Search code examples
rprobabilitysample

R: select a subset based on probability


I'm new to R. I have a normal distribution.

n <- rnorm(1000, mean=10, sd=2)

As an exercise I'd like to create a subset based on a probability curve derived from the values.
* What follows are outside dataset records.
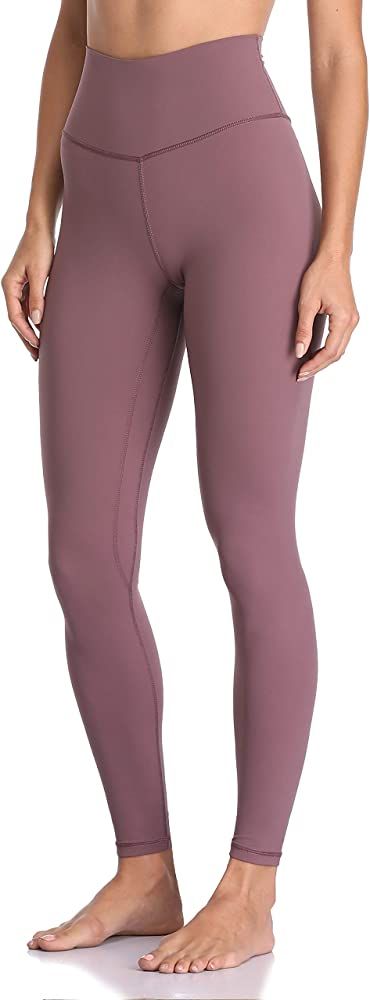 Colorfulkoala Women's Buttery Soft High Waisted Yoga Pants Full-Length Leggings | Amazon (US)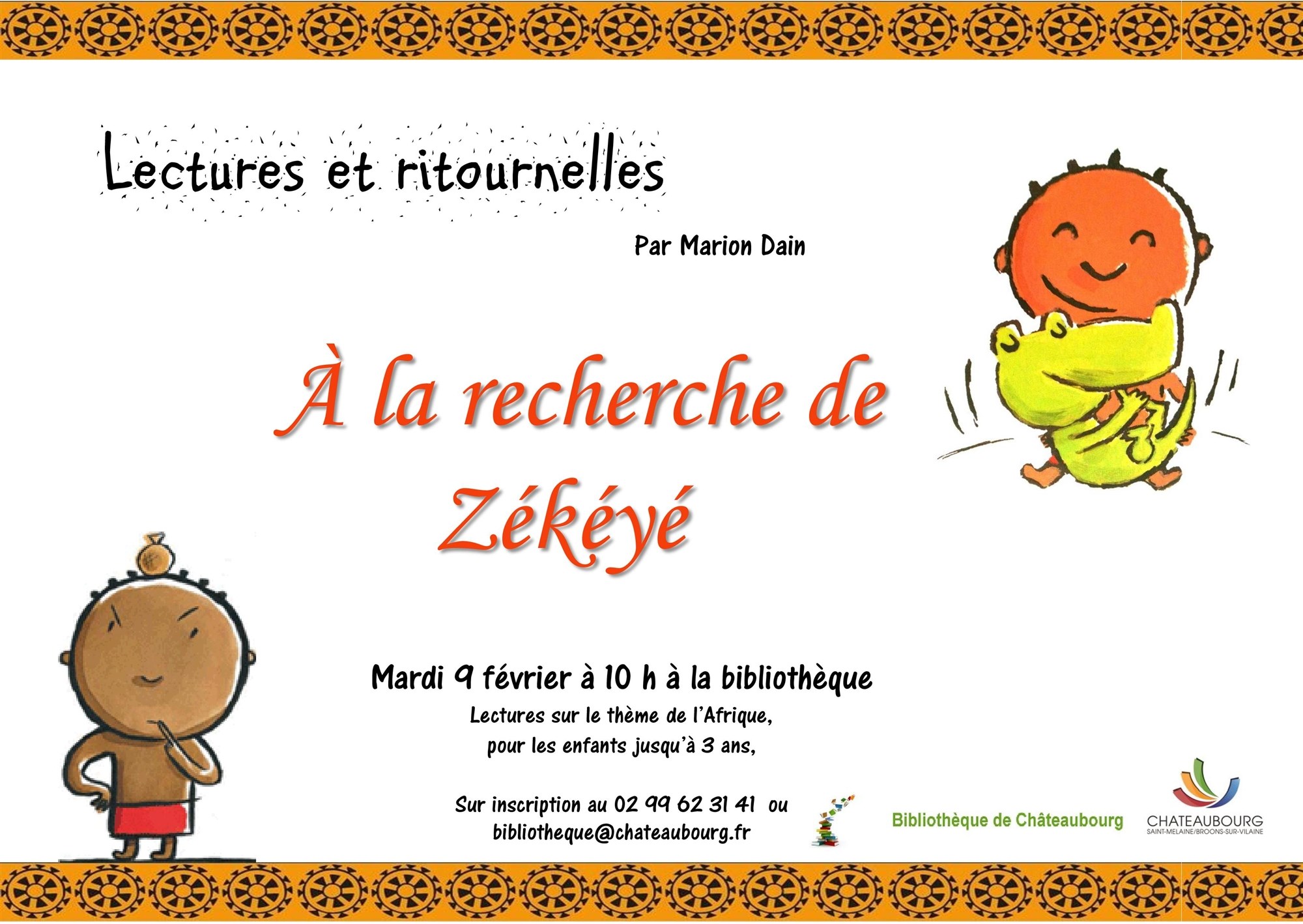 Lectures et ritournelles Châteaubourg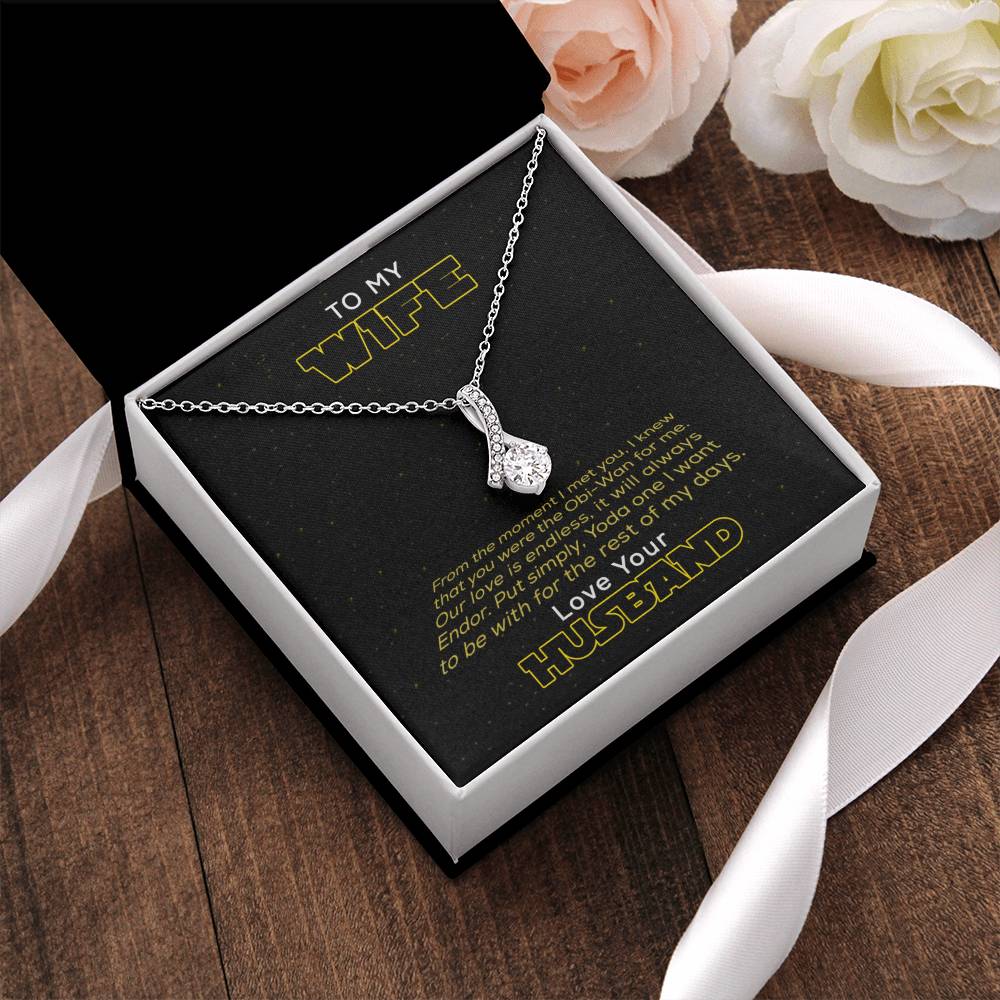 The Force Necklace Alluring Beauty Necklace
E.g for values <5, I'd like to keep random 25% entries, for values >15, I'd like to keep 75% random entries, and for values between 5 and 15, I'd like to linearly interpolate the probability of selection between 25% and 75%. Seems like what I want is the "sample" command and its "prob" option, but I'm not clear on the syntax.


Solution

  • For the first two subsets we may use

    idx1 <- n < 5
    ss1 <- n[idx1][sample(sum(idx1), sum(idx1) * 0.25)]
    idx2 <- n > 15
    ss2 <- n[idx2][sample(sum(idx2), sum(idx2) * 0.75)]
    

    while for the third one,

    idx3 <- !idx1 & !idx2
    probs <- (n[idx3] - 5) / 10 * (0.75 - 0.25) + 0.25
    ss3 <- n[idx3][sapply(probs, function(p) sample(c(TRUE, FALSE), 1, prob = c(p, 1 - p)))]
    

    where probs are linearly interpolated probabilities for each of element of n[idx3]. Then using sapply we draw TRUE (take) or FALSE (don't take) for each of those elements.